**What you have to do:**
Gather every line from the entries below that includes "Relax".

**Source material:**

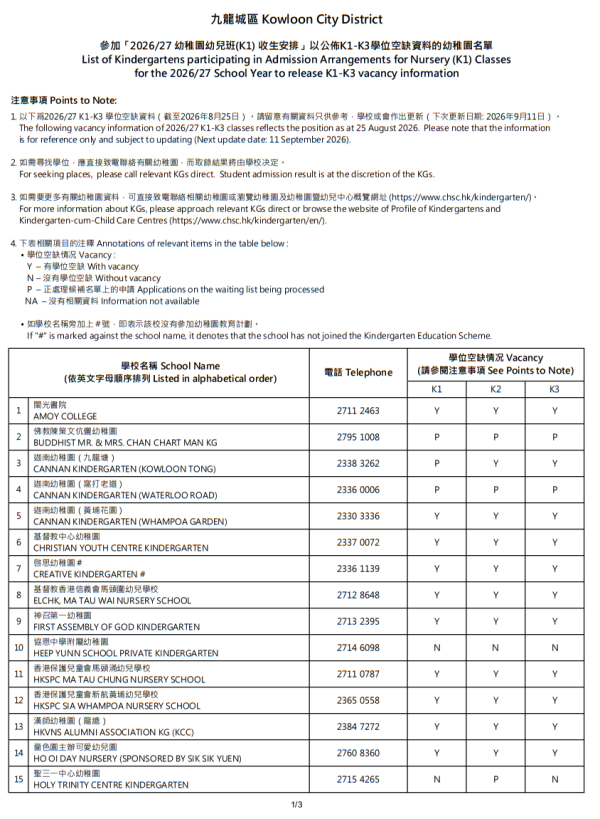 幼稚園（K1-K3）學位空缺資料，只供參考之用。（圖片來源︰教育局）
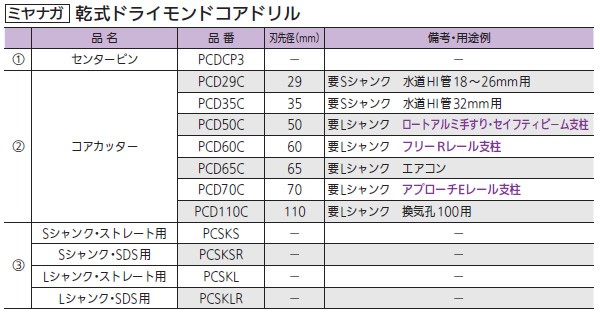 乾式ドライモンドコアドリル センターピン PCDCP3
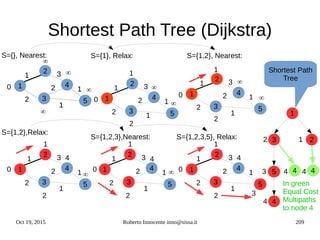 Oct 19, 2015 Roberto Innocente inno@sissa.it 209
Shortest Path Tree (Dijkstra)
1
5
4
3
2
1
1
1
2
2
3
0 1
5
4
3
2
1
1
1
2
2
3
0
1
5
4
3
2
1
1
1
2
2
3
2
1
5
4
3
2
1
1
1
2
2
3 1
5
4
3
2
1
1
1
2
2
3
0
1
5
4
3
2
1
1
1
2
2
3
0
1
5
4
3
2
1
1
1
2
2
3
1
5
4
3
2
1
1
1
2
2
3
1
5
4
3
2
1
12
2
3
1
5
4
3
2
1
1
1
2
2
3
1
¥
¥
¥
¥ 1
2
¥
¥
¥
¥
0
1
2
4
S={1,2}, Nearest:
S={1,2,3},Nearest:
S={}, Nearest: S={1}, Relax:
S={1,2,3,5}, Relax:
S={1,2},Relax:
0
2 2
11
4 4
¥¥
4
3
1
23
5
4
Shortest Path
Tree
4 4
In green
Equal Cost
Multipaths
to node 4
12
4
4
4
3
 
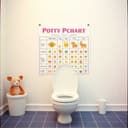 Poop on the potty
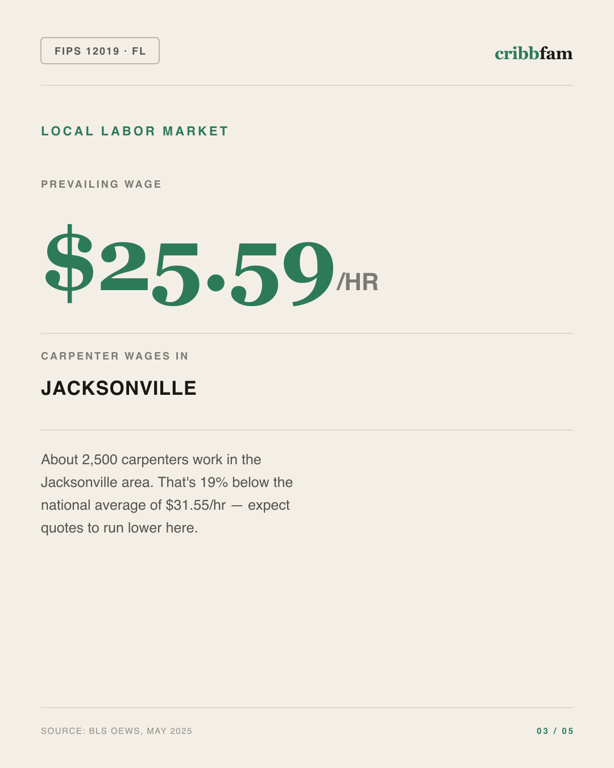 Siding in Clay County, FL — local labor market data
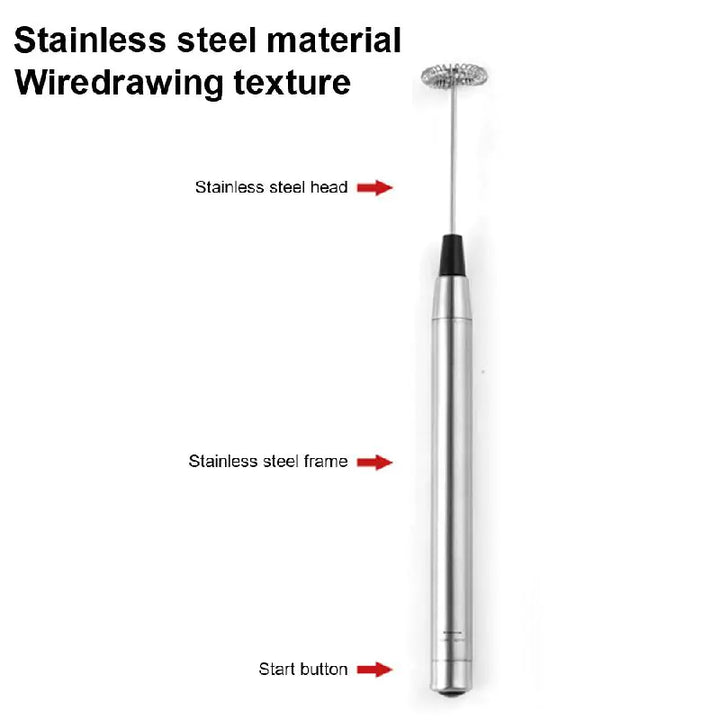 Handheld Electric Mini Foamer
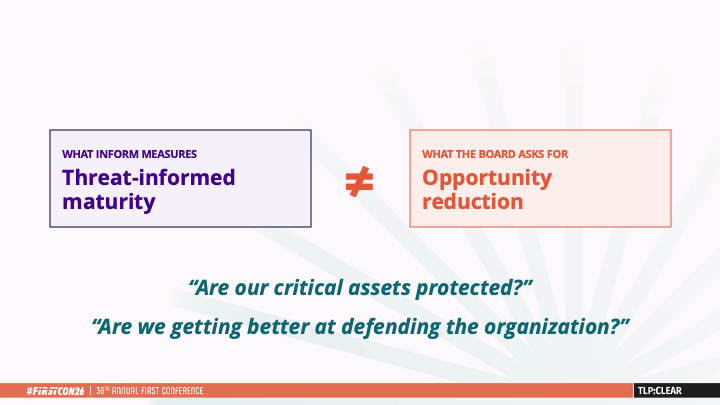 Threat-informed maturity != Opportunity reduction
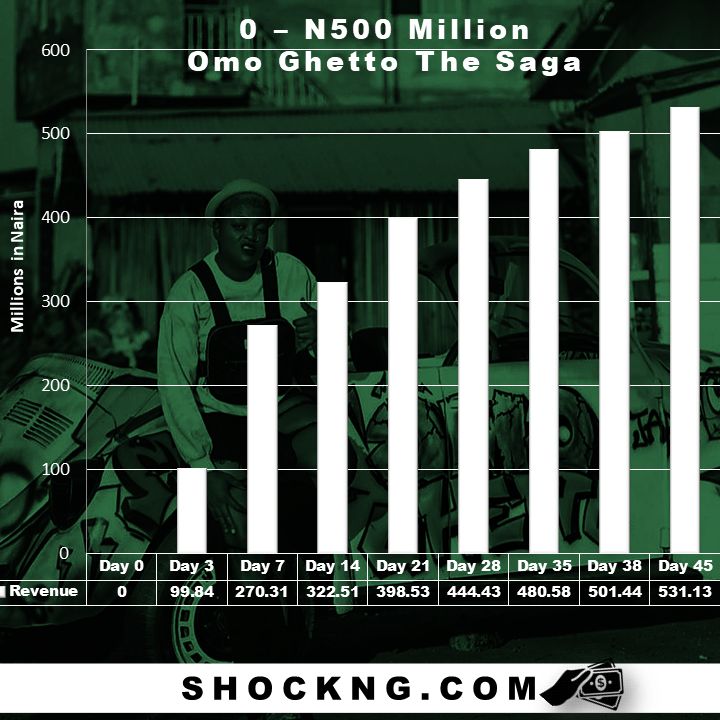 omo ghetto box office trajectory - Omo Ghetto The Saga Beats Endgame Domestic Box Office Record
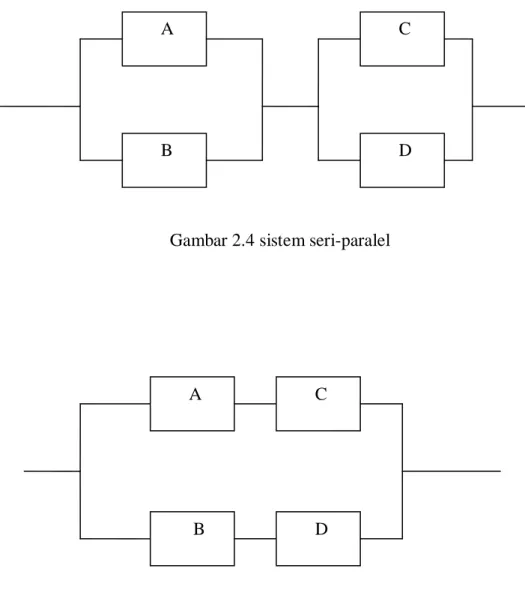 Gambar 2.4 sistem seri-paralel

**Output of the task:**
S={}, Nearest: S={1}, Relax:
S={1,2,3,5}, Relax:
S={1,2},Relax:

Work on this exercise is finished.